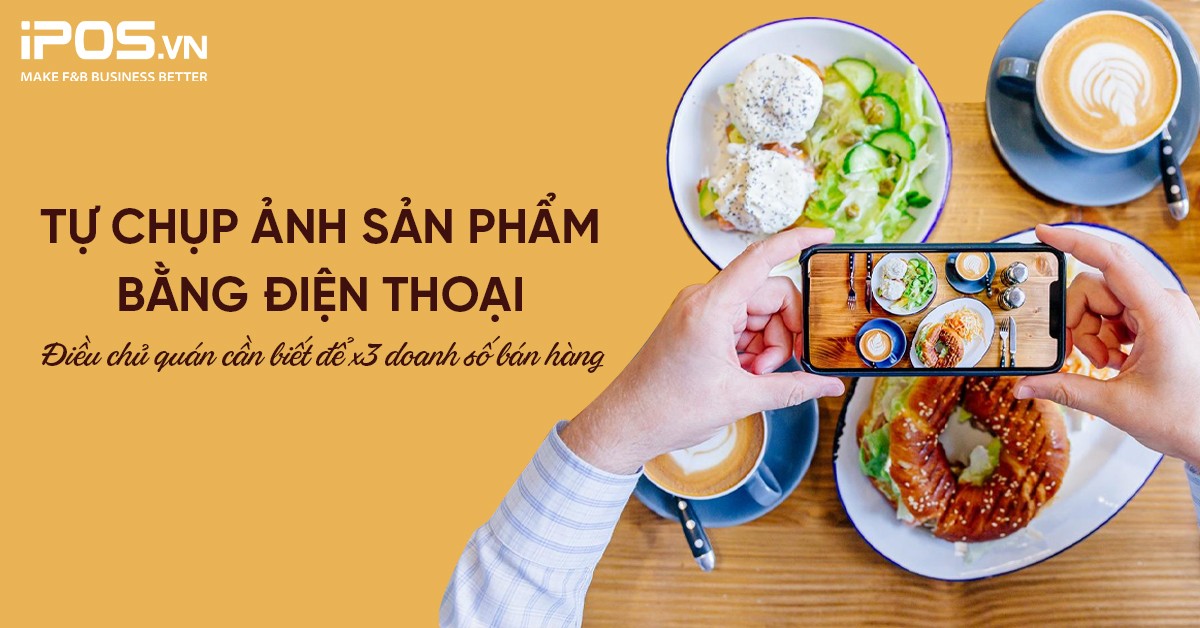 Tự chụp ảnh sản phẩm bằng điện thoại: Điều chủ quán cần biết để x3 doanh số bán hàng
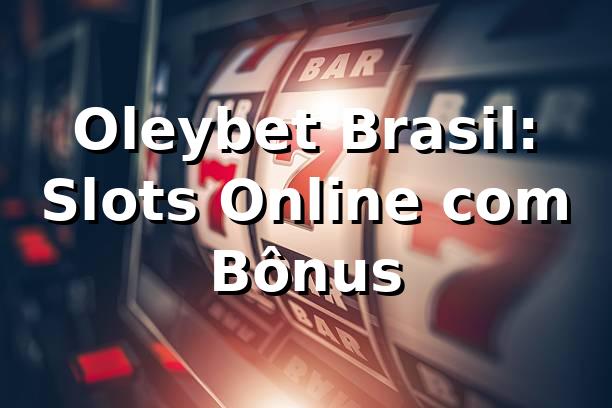 Oleybet Brasil: Slots Online com Bônus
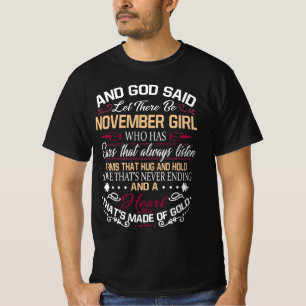 Geboortedag   En God zei dat er november een meisj T-shirt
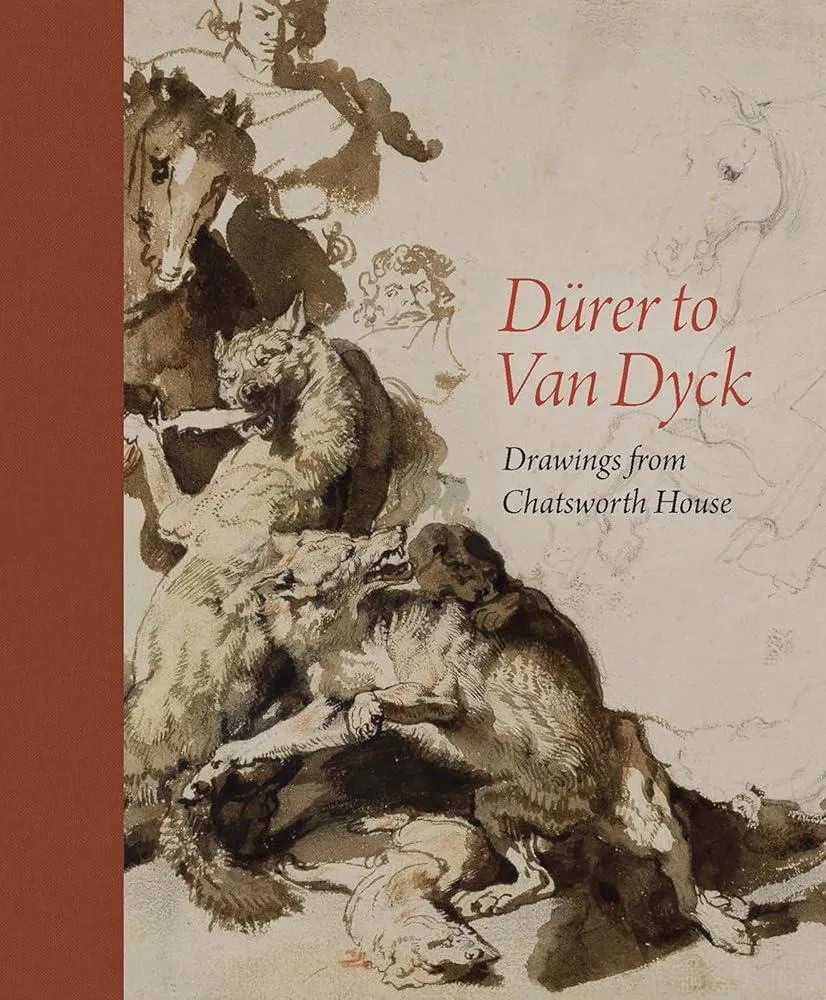 Durer to Van Dyck : Drawings from Chatsworth House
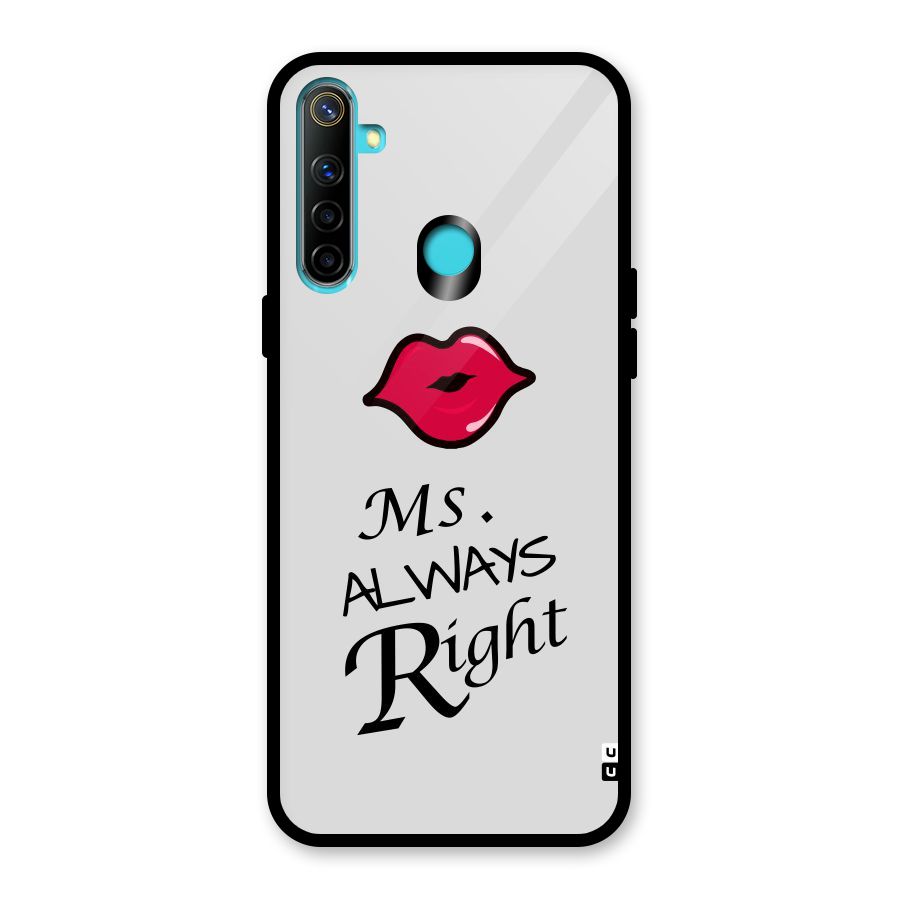 Ms. Always Right. Glass Back Case for Realme 5i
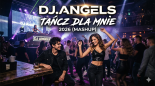Dj.Angels - Tańcz Dla Mnie 2026 (Mashup)(Demo)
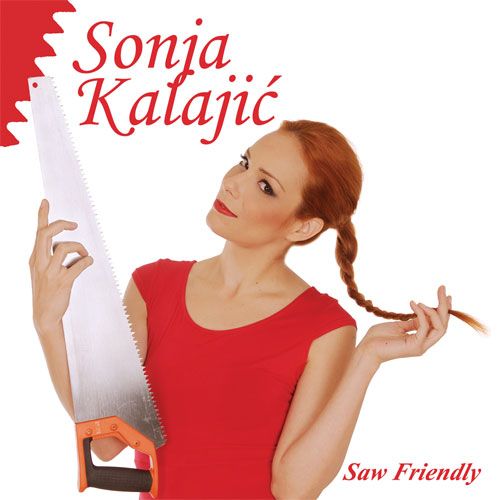 Saw Friendly - Sonja Kalajić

•••

The full text of the data above, exact and without pictures, is what to return.

 Tự chụp ảnh sản phẩm bằng điện thoại: Điều chủ quán cần biết để x3 doanh số bán hàng
 Oleybet Brasil: Slots Online com Bônus
 Geboortedag   En God zei dat er november een meisj T-shirt
 Durer to Van Dyck : Drawings from Chatsworth House
 Ms. Always Right. Glass Back Case for Realme 5i
Dj.Angels - Tańcz Dla Mnie 2026 (Mashup)(Demo)
 Saw Friendly - Sonja Kalajić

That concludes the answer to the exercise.